Five top tips for working at home efficiently and maintaining your mental health

Share

Share on linkedin
Share on facebook
Share on twitter

remote working and mental health Many companies have adapted to the Coronavirus lockdown measures by asking staff to work remotely from home, but how do you do this efficiently and also protect your mental health?
Much as we love them, a prolonged period stuck in one place with our families can sometimes be stressful, especially if remote workers are combining working with home schooling their children.
Of course, another complication can be the facilities and space available at home, where cramped conditions can add to the stress of trying to work efficiently while staying healthy.
Here are some tips to help you maintain you mental health and efficiency:

  1. Discipline and routine are important: Creating and following a timetable of tasks and activities gives structure to the day, and on that note it is much easier to get into “work” mode if you can work at a desk or table and if you don’t do it in your pyjamas!

Lists are also useful, not least because if you break down your day’s work into tasks and complete them, there is a great deal of satisfaction and a sense of achievement to be gained by ticking items off when completed.

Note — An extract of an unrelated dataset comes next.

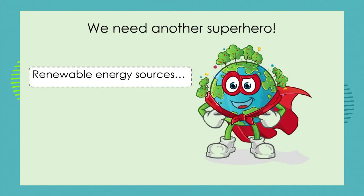So we need a different superhero. We still need our source of energy — we can't survive without it — but now we need to turn to renewable sources of energy. That is what we're going to look at in our next lesson. I've enjoyed my time with you today — join me again next time when we focus on the new superheroes: renewable energy sources. Goodbye!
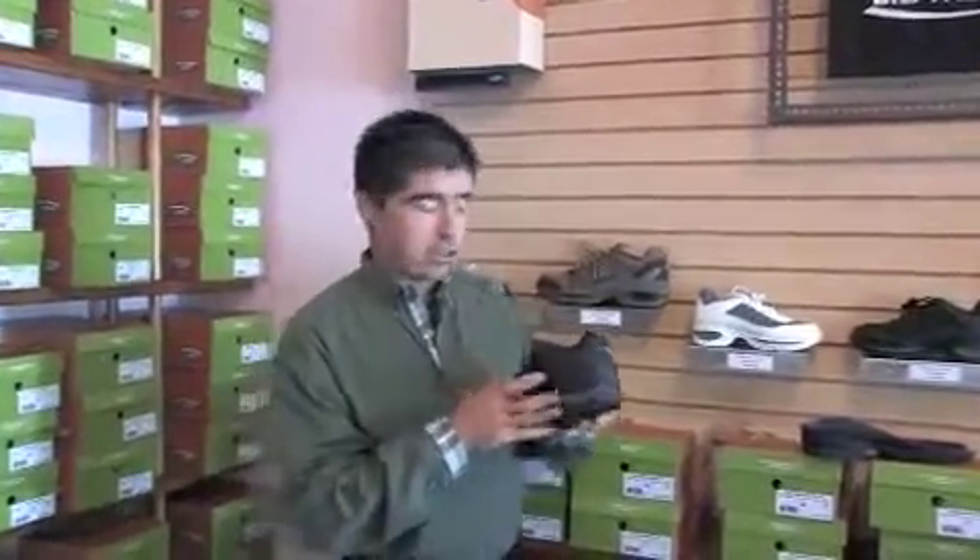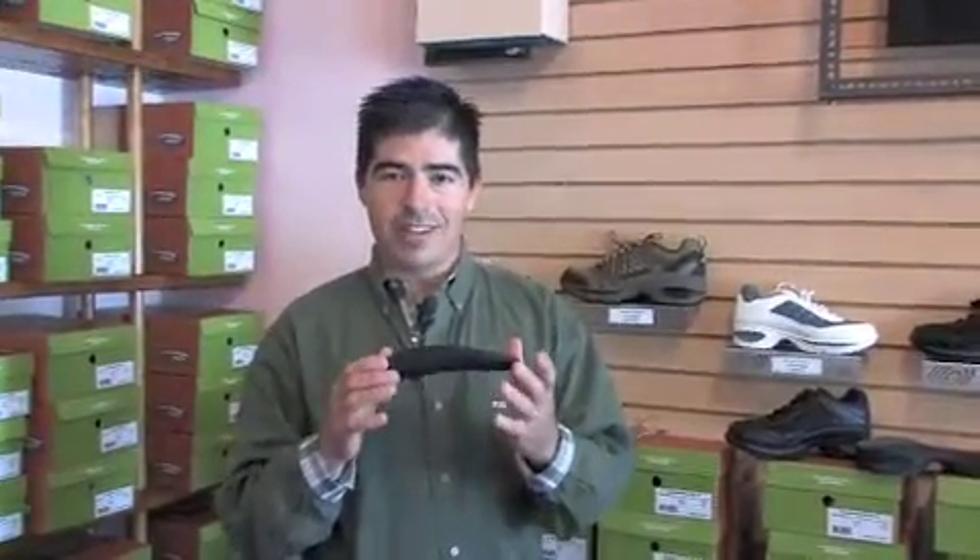The rigid support comes from the world's only built-in orthotic system. This orthotic system helps to stabilize your entire body and equalize pressure across the bottom of your foot.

  1. Variety: You should include other activities and what psychologists call micro-lifts into the structure of your timetable. In the normal working day when you are going into work in an office, you may be in the habit of picking up a coffee on the way in, or maybe have a regular break for a few minutes at the coffee machine at work for a chat with friends. Don’t underestimate the importance of giving your brain a few minutes’ rest.

It is also important to take regular breaks from a screen if your work is mostly being done on a computer/laptop.

  1. A healthy diet: It is tempting to snack more when you are working from home, but this may mean that your diet is less healthy and that is not good for either your physical or mental health.  This relates also to the importance of having discipline and a routine that builds meal breaks based on a healthy diet into your timetable.
  2. Exercise and fresh air: These are also important for physical and mental health albeit they are restricted to the social isolation rules that allow for one hour of outdoors exercise per day. You would be likely to get that during a day at the office, by walking from transport to the office building or going out during your lunch hour. If you are working from home and have children with you, involving them is a great way of treating exercise as a family activity while at the same giving children the opportunity to burn off excess energy.
  3. Try to get at least seven hours’ sleep: Sleep is a major component of mental health and of working efficiently especially when in a time of crisis.

The secret of working at home efficiently is in many ways intimately connected with your mental health.
For many people this will be a new way of working and you may find that it takes a good deal of self-discipline and organisation to maintain your productivity, but if you follow the guidelines in this blog you will find that you can settle into a routine that enables you to carry out your work tasks as well as the other demands on your time that come from being in your home with family around you.